Since I haven't done too detailed research, it might not be the best model structure. So here's just a brief introduction to its implementation:
- Split the 6-digit CAPTCHA into 6 independent character recognition tasks, with each character having its own prediction branch responsible for predicting one of 26 English letters.
- Process images uniformly to 80×280 grayscale images, with each character represented by a 26-dimensional vector (corresponding to A-Z).
- Use 3 CNN convolution blocks to extract image features, each block containing: batch normalization, ReLU activation, max pooling and Dropout, finally predicting characters at each position through 6 independent branches.
- Use categorical_crossentropy as loss function, employ BatchNormalization and Dropout to prevent overfitting, and learning rate adjusts automatically based on validation set performance.
Following noCTC_tutorial.ipynb
, I created two HDF5
model files and trained them in the same way, with the only difference being the dataset size, resulting in different val_loss values.
For the test sample "TARJOT", the results are as follows:
- TensorFlow 2.15.0 (Keras 3): val_loss ≈ 2.0 Prediction: RBRQMQ
- TensorFlow 2.9.0 (Keras 2): val_loss ≈ 6.0 Prediction: TMRBQZ
Interestingly, although the newer version of the model has a lower validation loss (theoretically should perform better), its prediction performance in the JavaScript environment is actually worse than the older model with higher validation loss.
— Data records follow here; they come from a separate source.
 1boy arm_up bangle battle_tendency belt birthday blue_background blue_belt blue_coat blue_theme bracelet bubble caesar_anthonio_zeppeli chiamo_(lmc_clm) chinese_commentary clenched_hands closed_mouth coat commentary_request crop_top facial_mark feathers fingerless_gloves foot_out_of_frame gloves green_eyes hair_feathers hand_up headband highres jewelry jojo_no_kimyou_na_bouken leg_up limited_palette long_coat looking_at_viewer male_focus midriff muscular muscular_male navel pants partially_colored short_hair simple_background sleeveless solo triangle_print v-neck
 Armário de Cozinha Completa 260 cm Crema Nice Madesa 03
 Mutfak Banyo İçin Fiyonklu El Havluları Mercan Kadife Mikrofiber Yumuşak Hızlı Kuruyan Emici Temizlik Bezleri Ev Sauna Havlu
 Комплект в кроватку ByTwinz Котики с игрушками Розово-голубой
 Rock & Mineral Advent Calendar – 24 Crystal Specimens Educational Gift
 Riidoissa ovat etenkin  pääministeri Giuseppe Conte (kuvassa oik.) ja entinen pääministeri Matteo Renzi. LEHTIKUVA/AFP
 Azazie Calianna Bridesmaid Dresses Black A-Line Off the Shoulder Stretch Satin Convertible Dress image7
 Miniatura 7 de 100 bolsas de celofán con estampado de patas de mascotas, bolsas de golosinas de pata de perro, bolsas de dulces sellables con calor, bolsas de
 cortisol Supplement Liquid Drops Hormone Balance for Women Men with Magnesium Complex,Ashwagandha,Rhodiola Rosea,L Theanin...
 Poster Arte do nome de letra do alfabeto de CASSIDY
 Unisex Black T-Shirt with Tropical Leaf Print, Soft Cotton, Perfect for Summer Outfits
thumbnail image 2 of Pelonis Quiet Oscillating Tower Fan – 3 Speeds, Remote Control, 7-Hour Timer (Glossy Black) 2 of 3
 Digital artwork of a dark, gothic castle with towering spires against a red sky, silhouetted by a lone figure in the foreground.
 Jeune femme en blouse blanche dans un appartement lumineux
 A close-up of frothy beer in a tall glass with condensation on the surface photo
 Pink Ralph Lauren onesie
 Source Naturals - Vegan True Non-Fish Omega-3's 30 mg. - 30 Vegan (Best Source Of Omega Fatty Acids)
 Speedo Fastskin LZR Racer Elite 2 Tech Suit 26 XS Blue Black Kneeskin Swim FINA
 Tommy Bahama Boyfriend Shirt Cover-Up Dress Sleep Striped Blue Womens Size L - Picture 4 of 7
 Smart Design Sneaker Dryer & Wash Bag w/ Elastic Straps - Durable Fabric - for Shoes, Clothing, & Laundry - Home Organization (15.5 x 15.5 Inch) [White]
Both models can correctly recognize test samples in the Python environment, but their performance drops significantly after conversion to JavaScript.
This anomaly might be due to issues in the model conversion process or limitations of the TensorFlow.js converter itself. Since I have limited knowledge in this direction, I haven't made further attempts.
This project is licensed under the MIT License.
For issues or suggestions, please submit an Issue. If you have the intention to help complete the remaining parts of the project, please contact me at any time.
This tool is for educational and research purposes only. Users should comply with the website's terms of service and relevant laws and regulations. The authors are not responsible for any misuse or potential consequences of using this tool.